Markets reacted negatively to the most recent developments in the tit-for-tat trade dispute with the US and China. Stock markets in China and Japan are closed for a local holiday on Monday but Hong Kong's Hang Seng index remains open and was down by 1.66% at 8.30 a.m. BST (3.30 a.m. ET).
Negative sentiment spread to Europe, with stock indexes opening lower there too.
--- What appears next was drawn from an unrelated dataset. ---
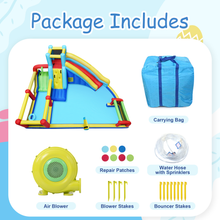 Load image into Gallery viewer, iRerts Bounce House for Kids, Outdoor Bouncy House with Blower, Inflatable Slide Bouncer with Splash Pool, Climbing Wall, Basketball Rim, Soccer Goal, Water Sprinkler, Outdoor Toys for 3-12 Years Old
Germany's Dax was down by 0.45%, France's CAC 40 was down by 0.25%, and Britain's FTSE 100 was down by 0.17% after around half an hour of trade in Europe.
"The implementation of President Trump's tariffs and the Chinese reaction to cancel talks in the face of the US President's decision should force investors to come to grip with reality," Konstantinos Anthis, head of research at ADSS, said in an email on Monday. "However, whether this will take a meaningful toll on the upwards trend in place or will only trigger a short-term correction remains to be seen."
Separately on Monday, Australian investment bank Macquarie said that Mexico stands to benefit the most from rising trade tensions between the US and China.